The parent of Jet2 has warned “much will depend” on whether the government gets a Brexit deal for the holiday business’s prospects in the coming years.
Yorkshire-based Dart Group said it was unclear whether Jet2’s demand would remain “buoyant” without knowing how negotiations with the EU will pan out.
Nevertheless, it reported solid trading over the all-important summer period, which saw one of its main rivals, Thomas Cook, fall into liquidation.
Shares rose six per cent today.
Pre-tax profit grew three per cent to £349.8m in the six months ending 30 September. Revenue grew 16 per cent to £2.6bn.
The company sold 2.7m package holidays over the period, up from 2.3m the year before. Meanwhile it’s flight-only product saw an eight per cent growth in passengers to 4.75m.

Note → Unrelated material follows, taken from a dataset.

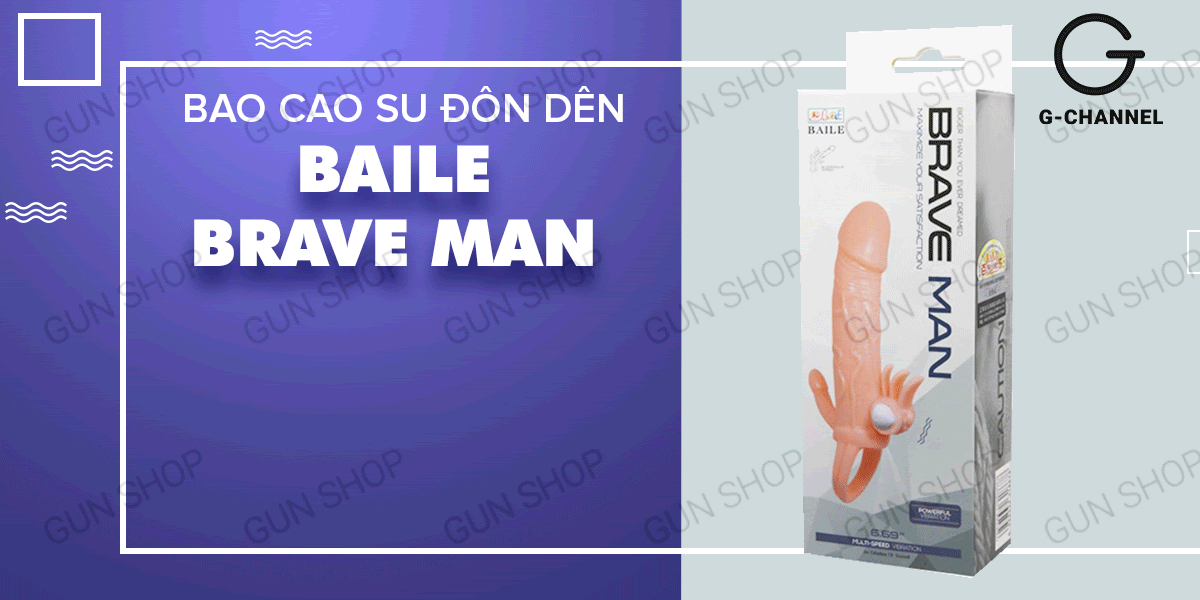  Shop bán Bao cao su đôn dên tăng kích thước Baile Braveman - Rung kích thích điểm G 14.5cm giá rẻ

However, operating profit margin fell two percentage points to 14 per cent. This was down to “cost headwinds” including “fuel, foreign exchange, carbon and other operating charges,” according to chair Philip Meeson.
“Looking further ahead, whether the currently encouraging consumer demand for our products remains buoyant in the medium term is unclear as we believe that much will depend on the UK government securing a pragmatic and balanced Brexit agreement with the EU,” he said.
Meeson added that he expected the company to turn a loss over the quieter winter period, “as is typical for the business”.